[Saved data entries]
====

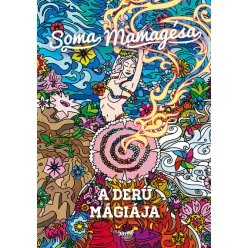 A derű mágiája - Soma Mamagésa (kötött áras) 
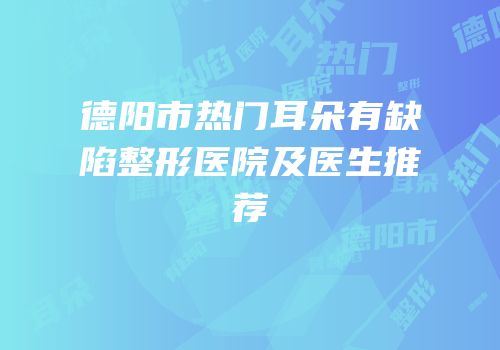 德阳市热门耳朵有缺陷整形医院及医生推荐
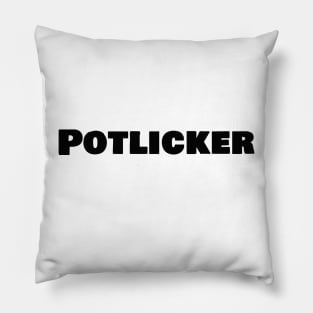 Potlicker Pillow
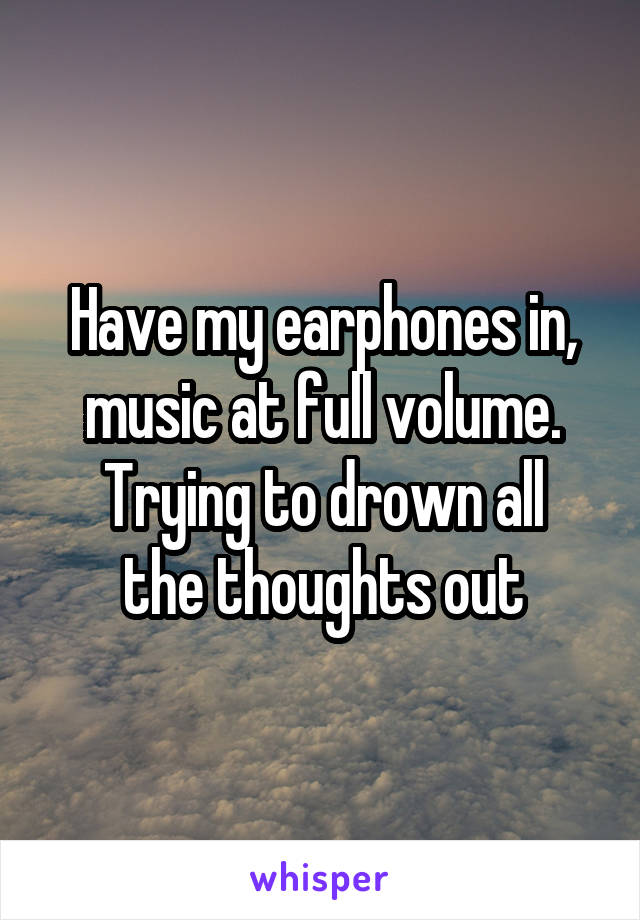 Have my earphones in, music at full volume.
Trying to drown all the thoughts out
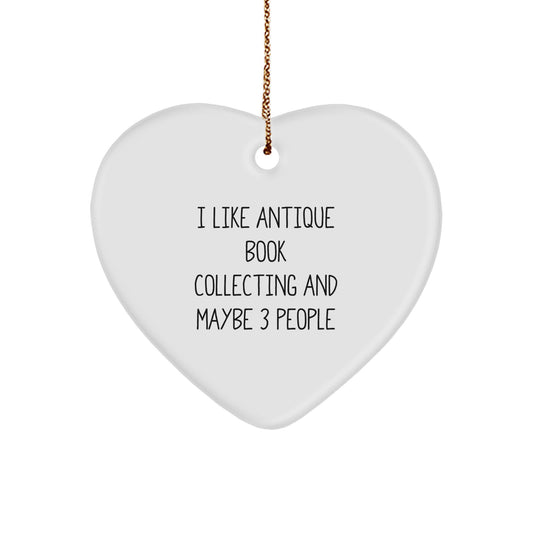 Antique Book Collecting Gifts from Friends for Antique Book Lovers, Heart Ornament with Funny Quote, Christmas Unique Present for Men - Image 1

====

Task goal:
Going from the line holding "Have my earphones in, music at full volume." to the last line of the data above, reproduce every line exactly, both included, with the pictures omitted.

Expected answer:
 Have my earphones in, music at full volume.
Trying to drown all the thoughts out
 Antique Book Collecting Gifts from Friends for Antique Book Lovers, Heart Ornament with Funny Quote, Christmas Unique Present for Men - Image 1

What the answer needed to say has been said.